Thermo Fisher Scientific (NYSE:TMO) announced today that it entered into an agreement with Johnson & Johnson‘s (NYSE:JNJ) Janssen Biotech to co-develop a companion diagnostic (CDx) in oncology.
Under the agreement, Thermo Fisher is set to collaborate with Janssen’s R&D scientists to validate biomarkers for use with Thermo Fisher’s Oncomine DX target test in identifying variant-positive patients for enrollment into clinical trials focused on non-small cell lung cancer (NSCLC).
The CDx is set to support clinical trial enrollment globally and additional indications in oncology may follow as part of the agreement, according to a news release.
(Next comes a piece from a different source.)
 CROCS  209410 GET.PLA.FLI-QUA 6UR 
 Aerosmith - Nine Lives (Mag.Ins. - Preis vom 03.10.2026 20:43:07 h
Thermo Fisher’s Oncomine DX target test is a next-generation sequencing assay with 46 cancer-related biomarkers and a workflow designed to include fast turnaround time and the lowest sample requirements on the market for detecting DNA and RNA variants.
“The ability of the Oncomine Dx Target Test to rapidly detect variants of interest from very small quantities of DNA or RNA samples makes this technology ideally suited to support development programs requiring an NGS-based workflow that delivers actionable insights consistently,” Thermo Fisher senior VP & president of life sciences solutions Peter Silvester said in the release. “We are confident that this approach to patient stratification helps expedite drug development initiatives which ultimately are designed to promote better health outcomes through targeted therapies.”